Chomsky Says Israel Entry Ban ‘Unusual’

Renowned American political activist Noam Chomsky, who is an outspoken critic of Israel, has described being denied entry into the West Bank as "unusual."

Palestinian official Mustafa Barghouti had invited the linguist to lecture at the Palestinian Bir Zeit University on Monday.

Chomsky said he had been held up for hours at the Allenby crossing between Jordan and the West Bank on Sunday, and was ultimately denied entry into Palestinian land.

He described the decision as "an unusual, if not unique act of interference with the independence of the university."

"They did not like the kinds of things I say about Israel and they did not like that I was only talking at Bir Zeit and not at an Israeli university too," Chomsky told Israeli media from Jordan.

The 81-year-old scholar is a professor of linguistics at the US Massachusetts Institute of Technology.

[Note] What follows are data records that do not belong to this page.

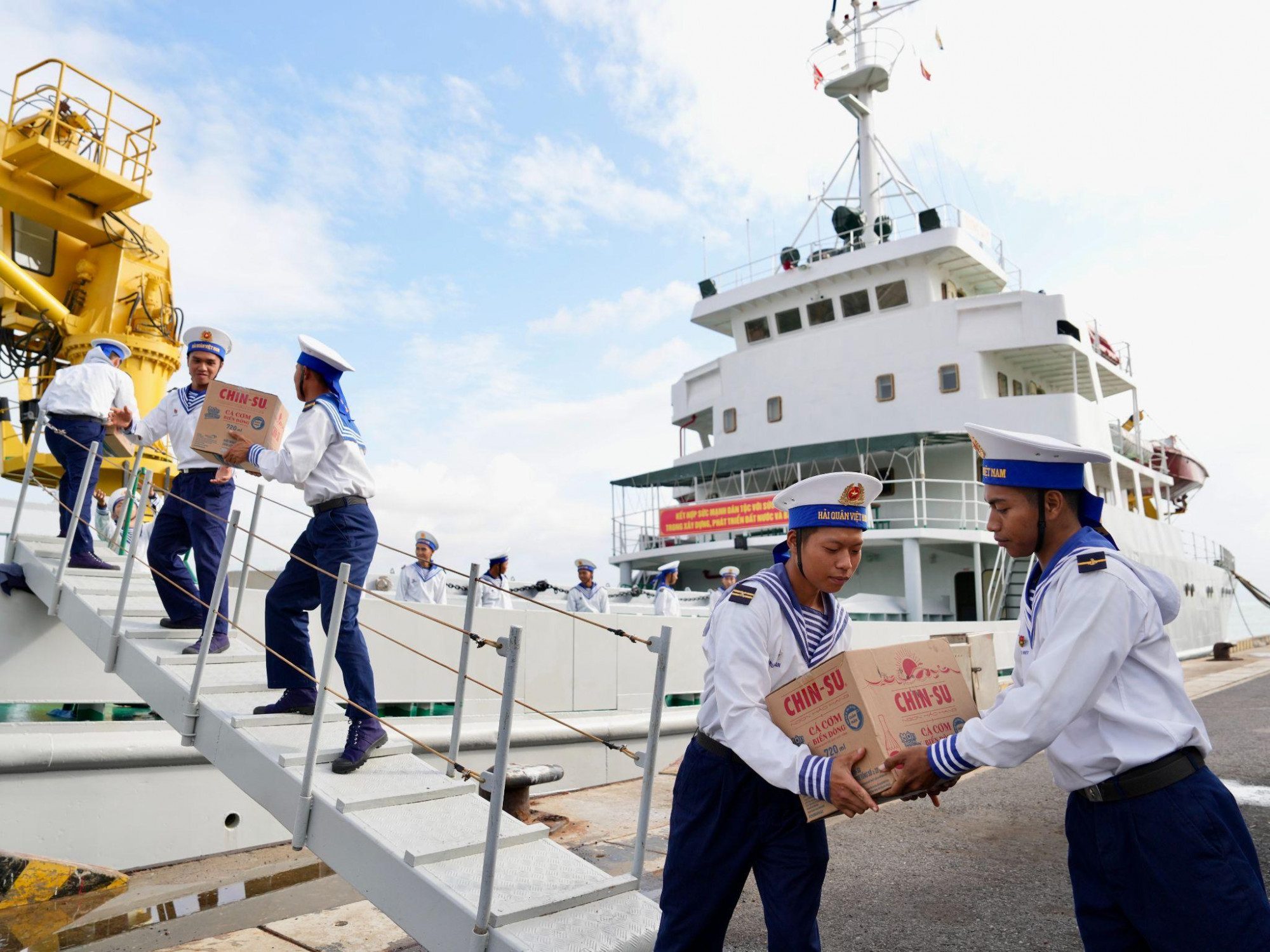 Những chai nước mắm CHIN-SU Cá Cơm Biển Đông chính là tình cảm của đất liền gửi đến các cán bộ chiến sĩ xa nhà bảo vệ Tổ quốc - Ảnh: Masan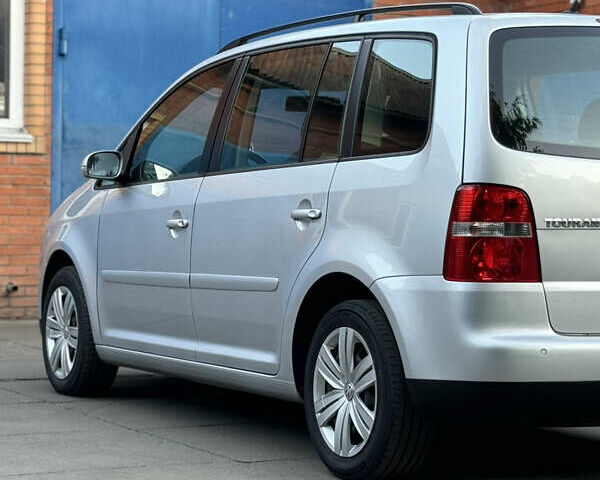 Серый Фольксваген Туран, объемом двигателя 1.6 л и пробегом 219 тыс. км за 6599 $, фото 12 на Automoto.ua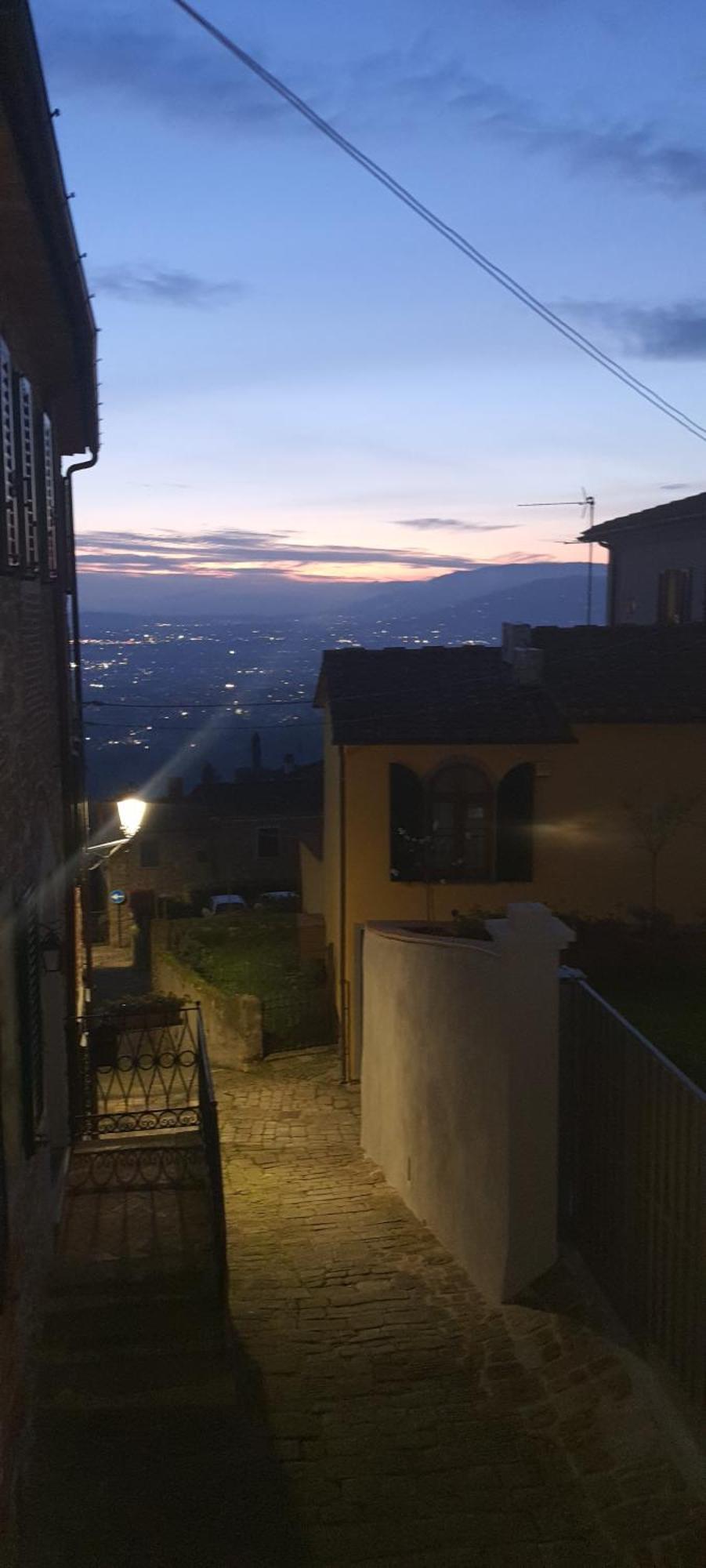 ホテル La Grotta San Michele Montevettolini エクステリア 写真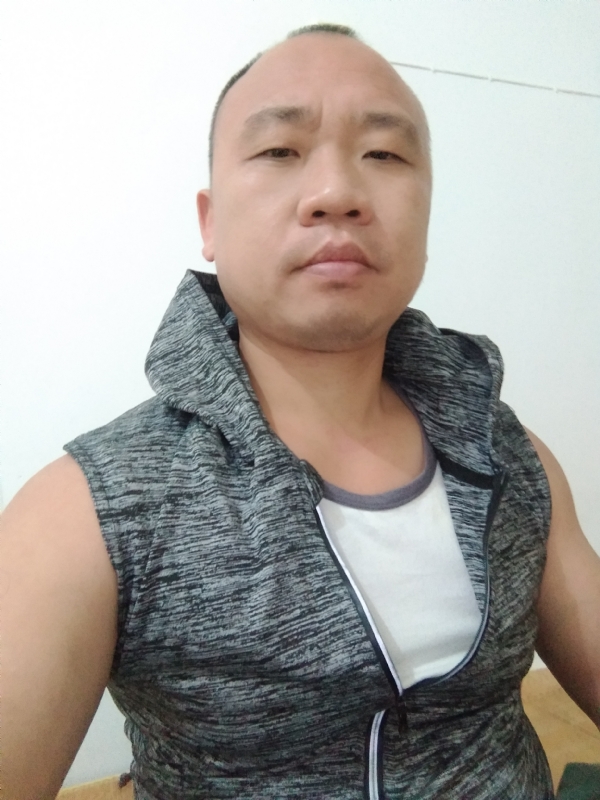 whm的第一张照片--邵武婚介网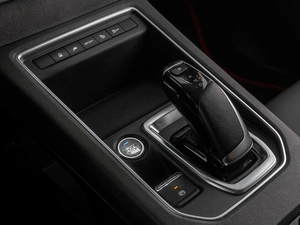 Седан Evolute i-PRO 2025 года, 1605000 рублей, Тюмень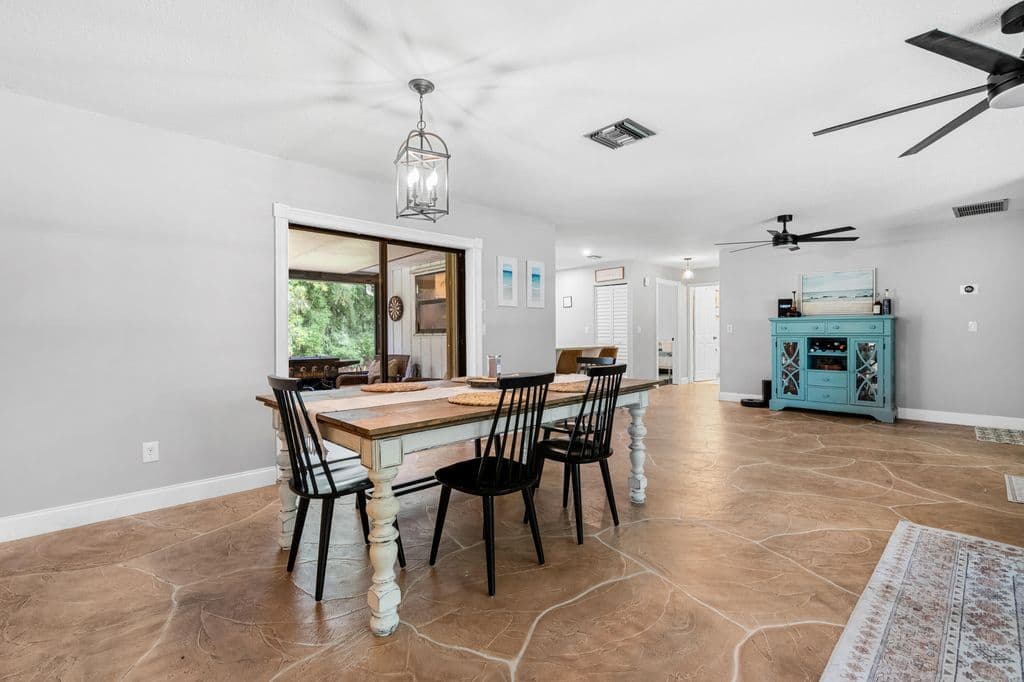 3-bedroom Single-Family Home — 13225 157th Court N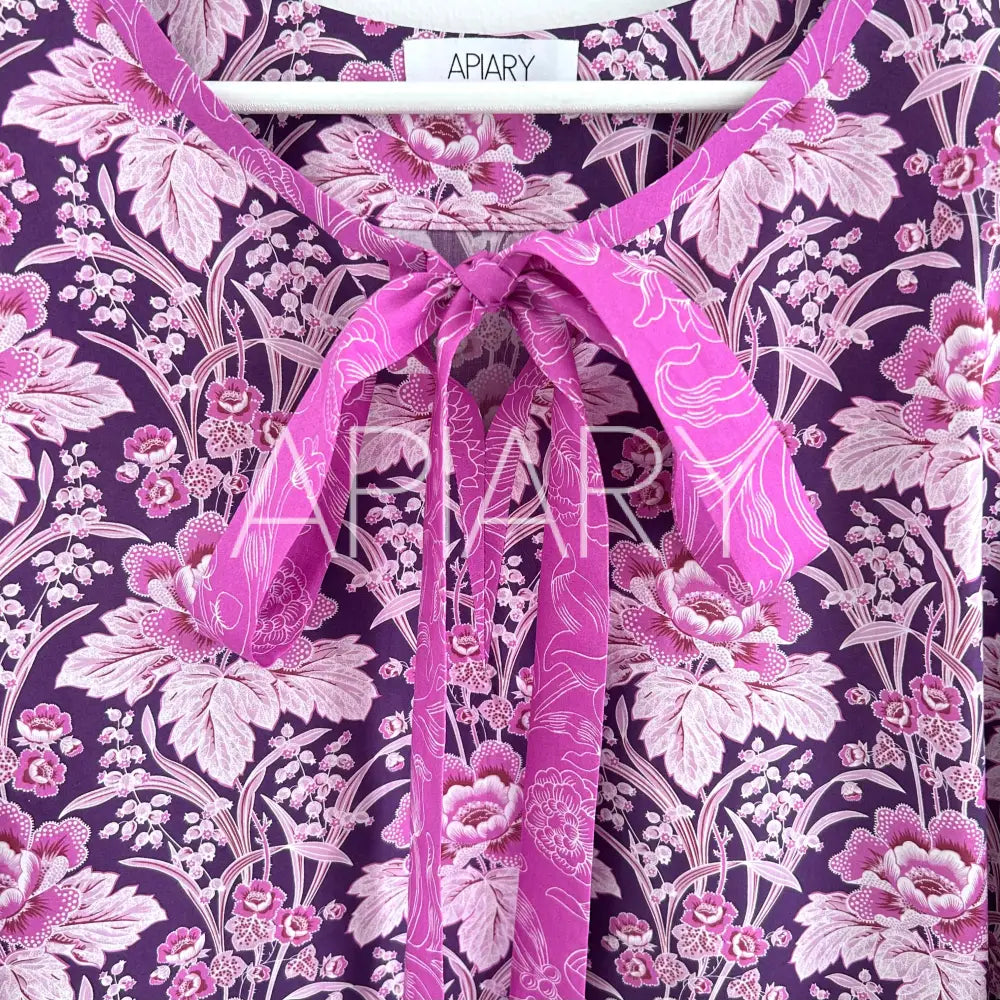 
                  
                    Grace in Fuchsia Chrysanthemum
                  
                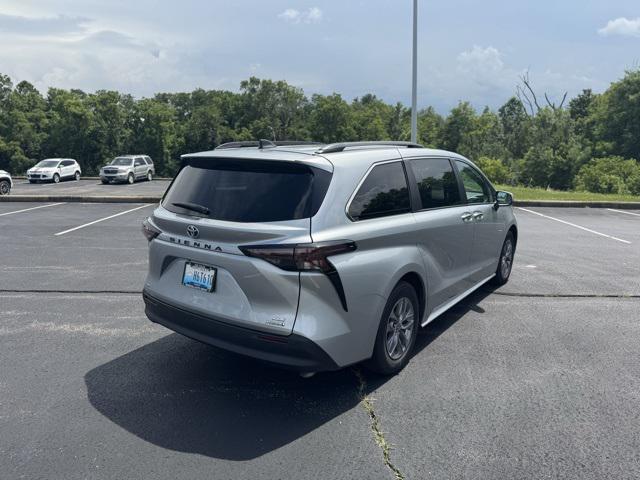 Photo of 2024 Celestial Silver Metallic Toyota Sienna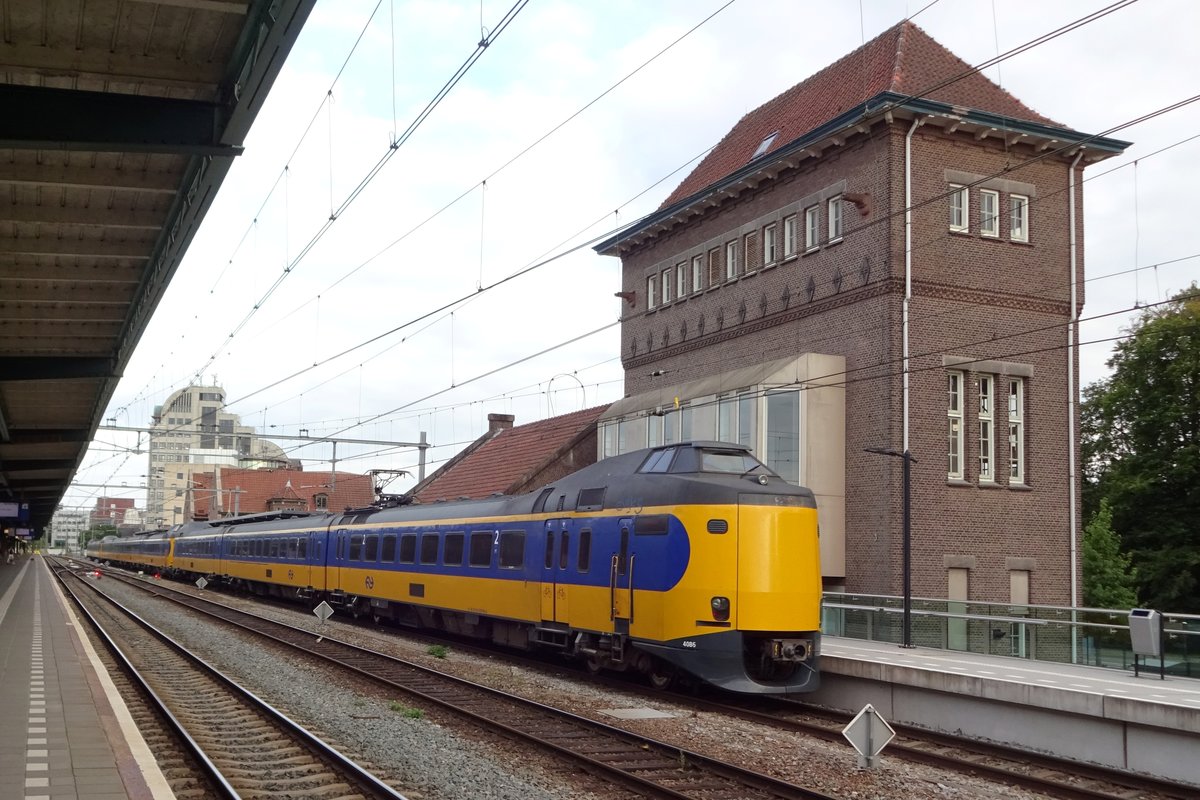 NS 4086 steht am 5 Augustus 2019 in Deventer. 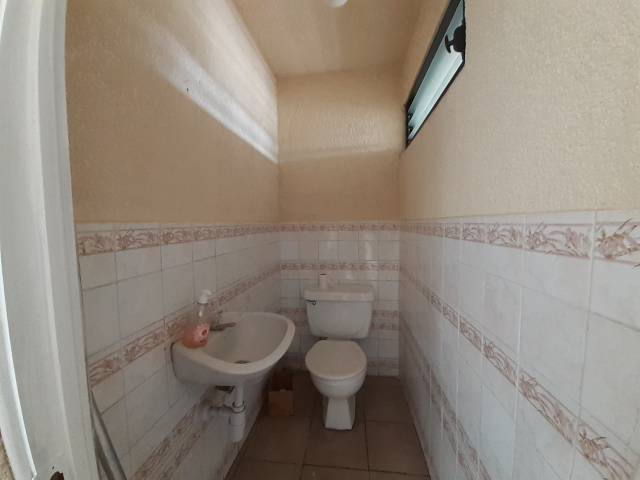 AMPLIO Y CENTRICO APARTAMENTO EN RENTA, EN KAMINAL JUYU ZONA 7 - Image 5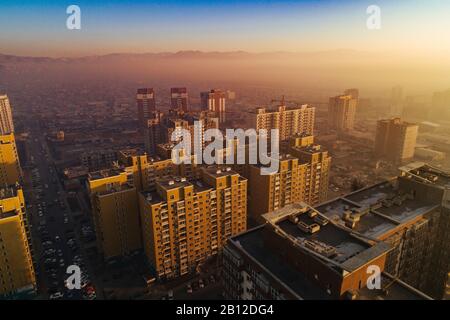 Oulan-bator au lever du soleil avec le smog, la Mongolie Banque D'Images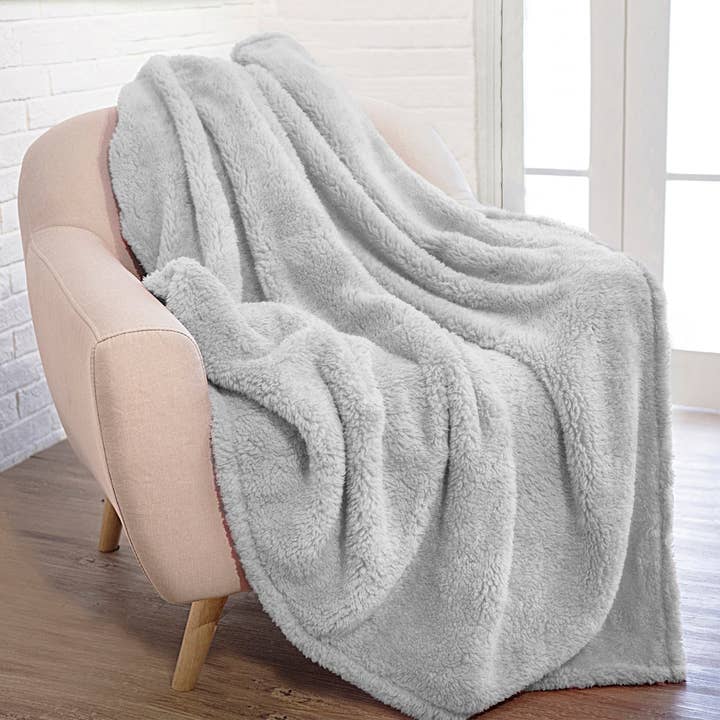 Pavilia - Wholesale Throw Blanket - Plush Shaggy Sherpa Blanket8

He has repeatedly spoken out against Israel’s occupation of Palestinian territories.

After Israel’s 2009 war in the Gaza Strip, Chomsky said, "supporters of Israel are in reality supporters of its moral degeneration."

Israel launched a military attack against the Gaza Strip on December 2008 and continued pounding the costal sliver through January 2009. The three week onslaught left about 1,400 Palestinians, mostly civilians, dead.